━━ Input data
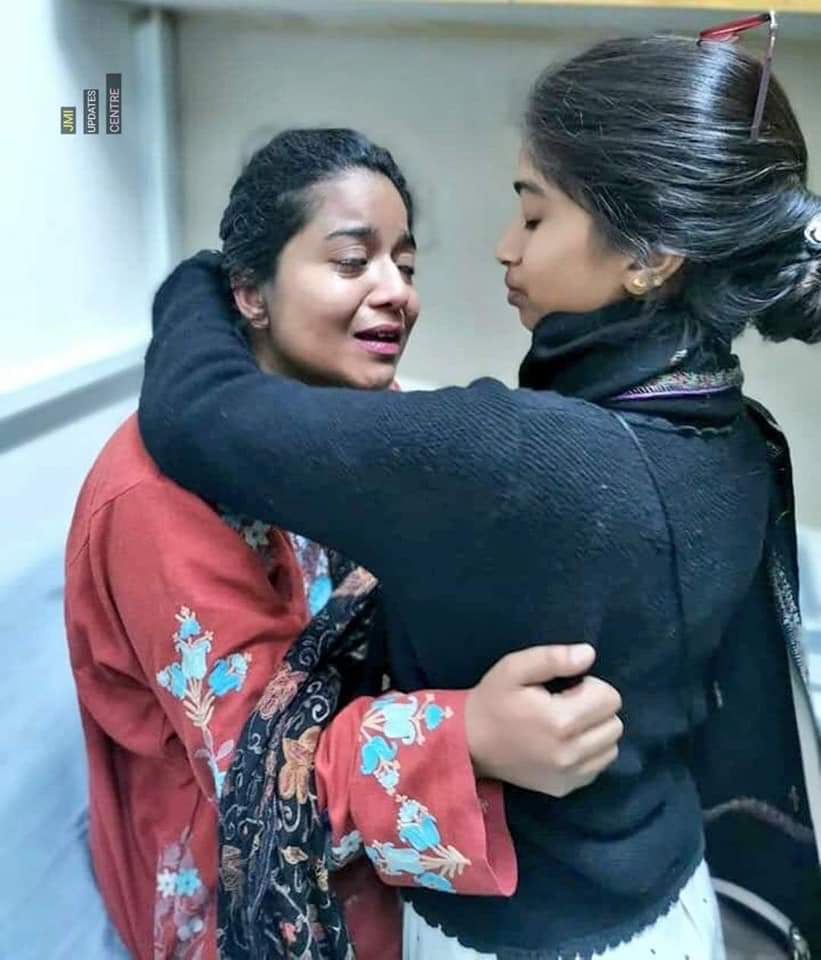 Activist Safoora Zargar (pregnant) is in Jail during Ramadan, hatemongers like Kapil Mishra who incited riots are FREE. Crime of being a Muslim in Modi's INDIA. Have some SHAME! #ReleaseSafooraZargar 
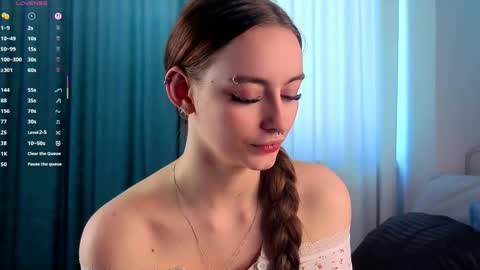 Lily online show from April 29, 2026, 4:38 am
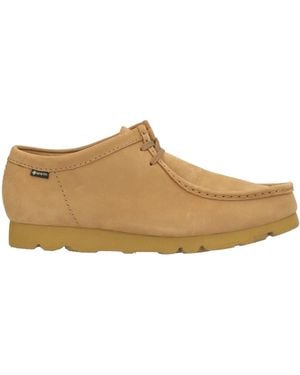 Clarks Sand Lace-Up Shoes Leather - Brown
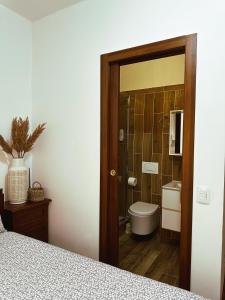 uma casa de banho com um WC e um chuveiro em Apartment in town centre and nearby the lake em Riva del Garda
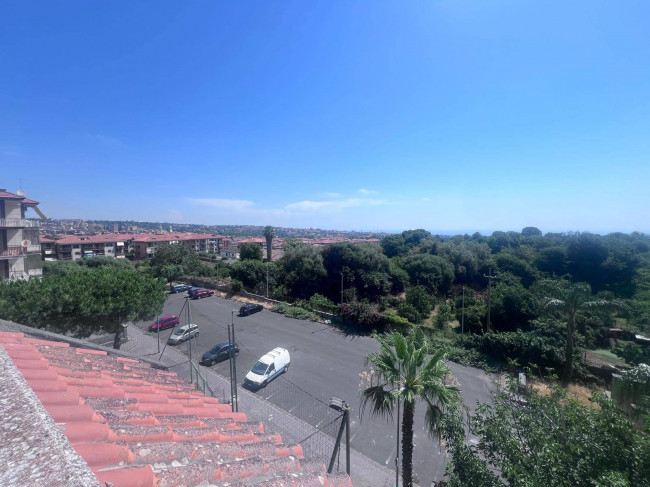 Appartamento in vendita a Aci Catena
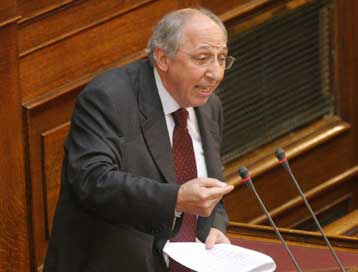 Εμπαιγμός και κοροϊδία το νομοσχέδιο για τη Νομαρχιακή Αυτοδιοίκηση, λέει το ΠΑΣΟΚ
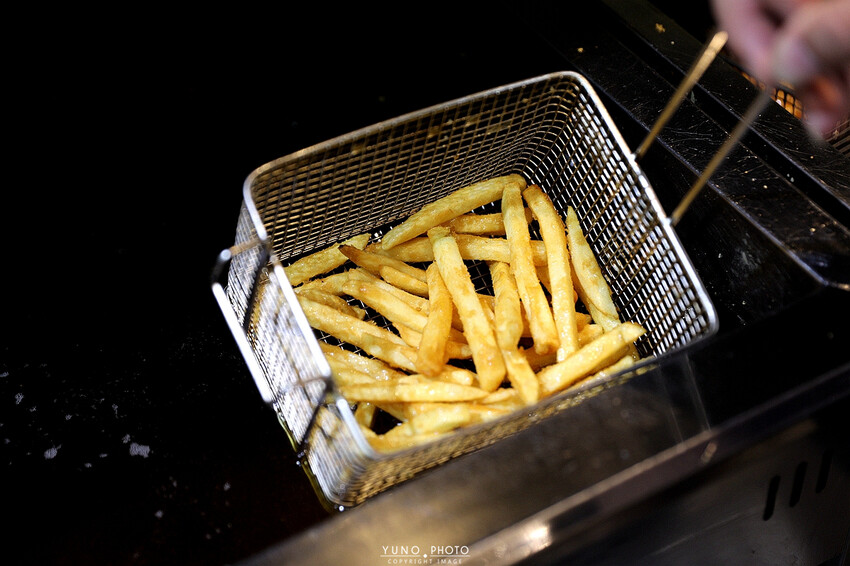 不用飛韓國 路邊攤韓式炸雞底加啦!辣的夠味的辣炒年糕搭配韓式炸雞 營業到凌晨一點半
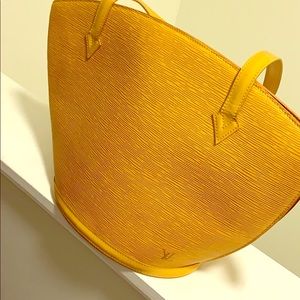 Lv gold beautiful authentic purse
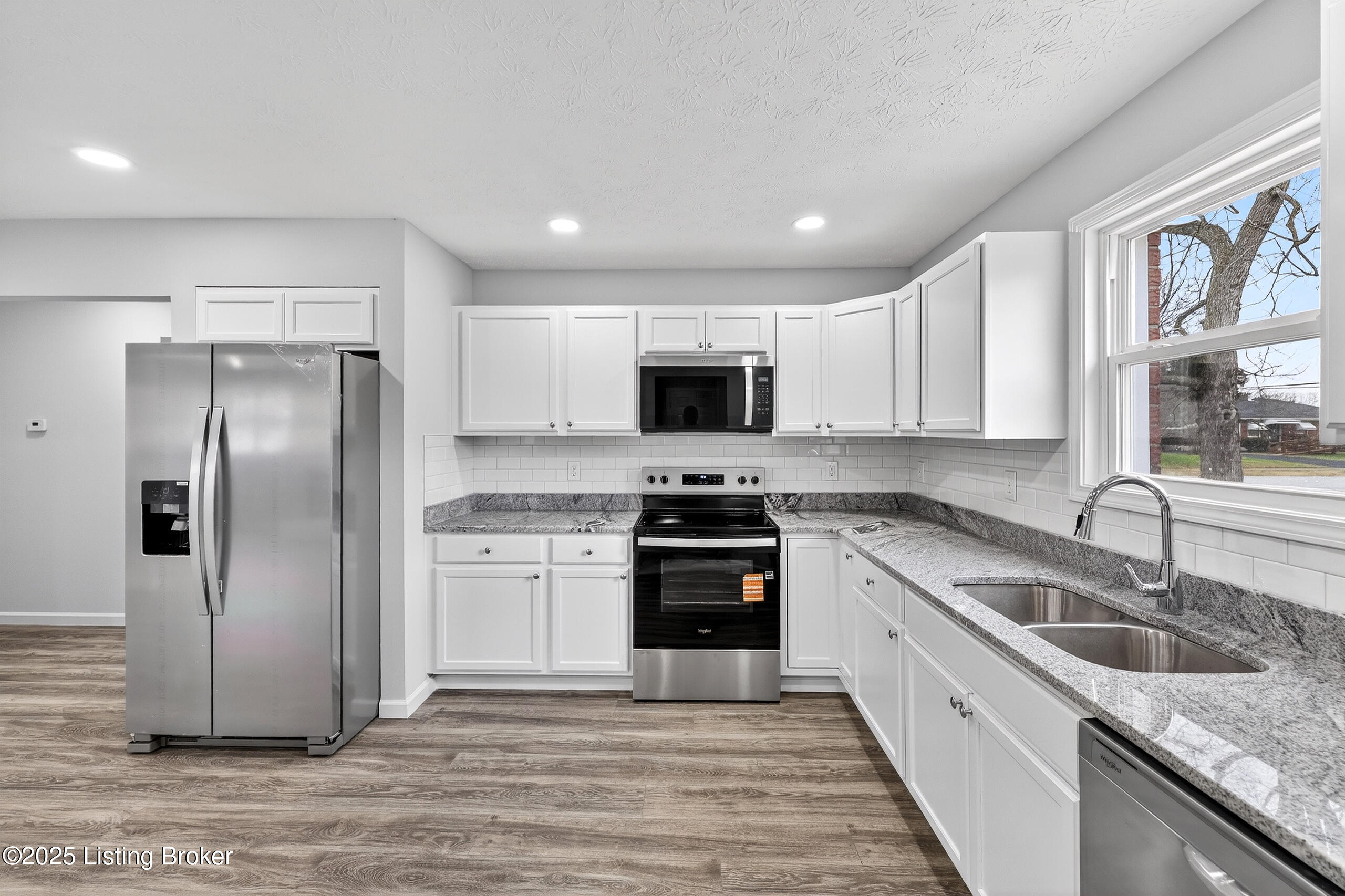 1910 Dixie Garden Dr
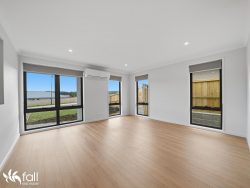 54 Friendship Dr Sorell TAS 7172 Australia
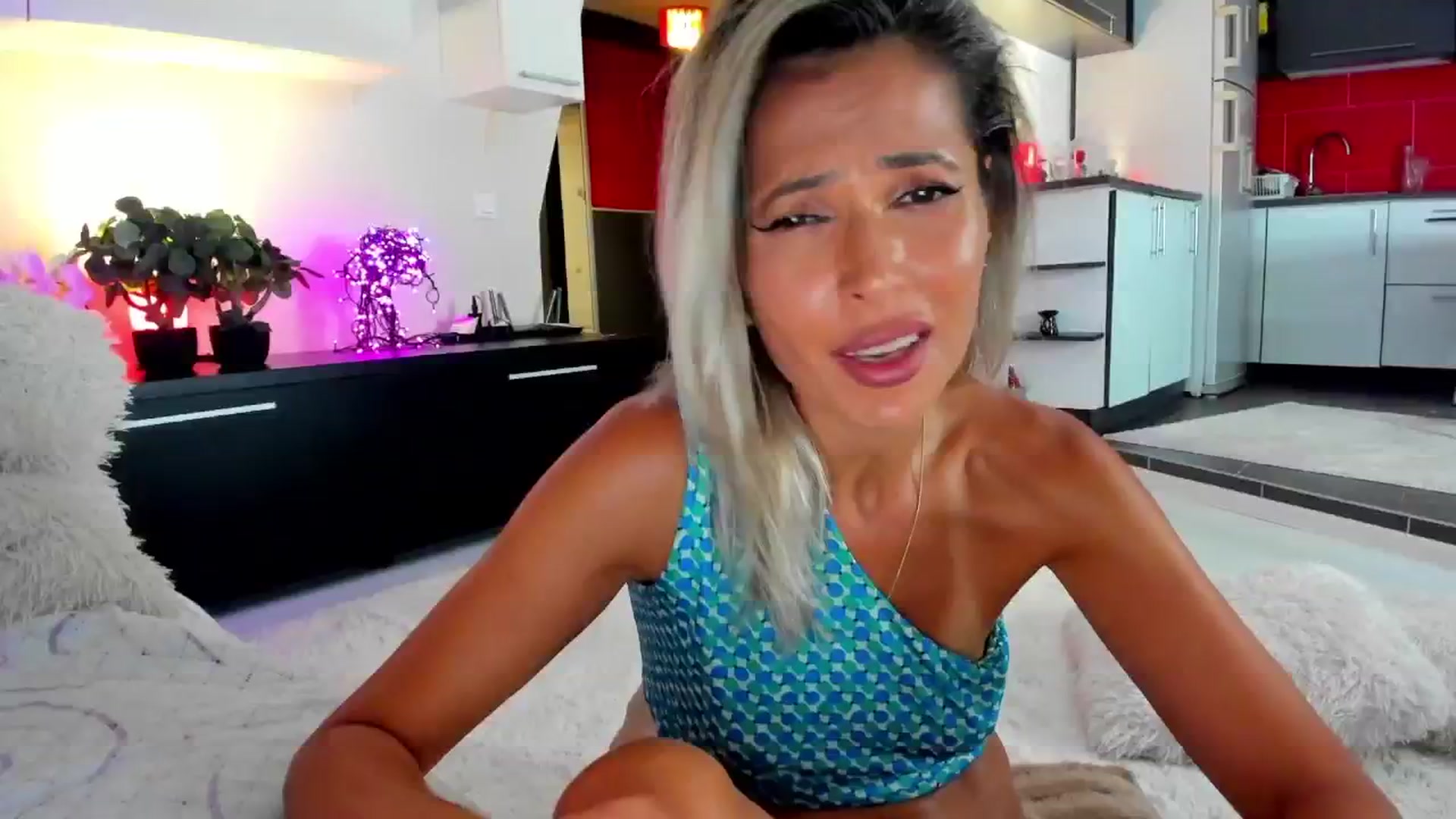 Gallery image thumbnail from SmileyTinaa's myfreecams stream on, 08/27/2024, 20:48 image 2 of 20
━━━━
━━ Input data
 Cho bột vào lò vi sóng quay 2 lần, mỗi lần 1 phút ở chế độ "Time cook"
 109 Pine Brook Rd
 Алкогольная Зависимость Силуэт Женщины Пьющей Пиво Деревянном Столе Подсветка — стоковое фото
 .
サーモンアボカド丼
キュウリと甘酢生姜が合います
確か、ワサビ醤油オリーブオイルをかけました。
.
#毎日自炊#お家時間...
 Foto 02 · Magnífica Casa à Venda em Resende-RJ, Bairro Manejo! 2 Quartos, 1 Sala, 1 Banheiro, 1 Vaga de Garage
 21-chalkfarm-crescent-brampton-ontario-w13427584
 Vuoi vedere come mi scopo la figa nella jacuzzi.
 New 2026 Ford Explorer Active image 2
━━━━
━━ Input data
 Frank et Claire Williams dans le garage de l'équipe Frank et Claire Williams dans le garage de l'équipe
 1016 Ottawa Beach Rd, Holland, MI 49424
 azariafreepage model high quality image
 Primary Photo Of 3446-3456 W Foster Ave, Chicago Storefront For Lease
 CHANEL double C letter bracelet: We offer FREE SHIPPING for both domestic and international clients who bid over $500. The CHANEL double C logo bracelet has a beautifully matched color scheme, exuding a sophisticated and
━━━━
The answer must be the lines above from the one containing "Activist Safoora Zargar" through the one containing "Clarks Sand Lace-Up Shoes Leather - Brown", reproduced exactly, with no pictures and nothing else.

## [Written reply]
 Activist Safoora Zargar (pregnant) is in Jail during Ramadan, hatemongers like Kapil Mishra who incited riots are FREE. Crime of being a Muslim in Modi's INDIA. Have some SHAME! #ReleaseSafooraZargar 
 Lily online show from April 29, 2026, 4:38 am
 Clarks Sand Lace-Up Shoes Leather - Brown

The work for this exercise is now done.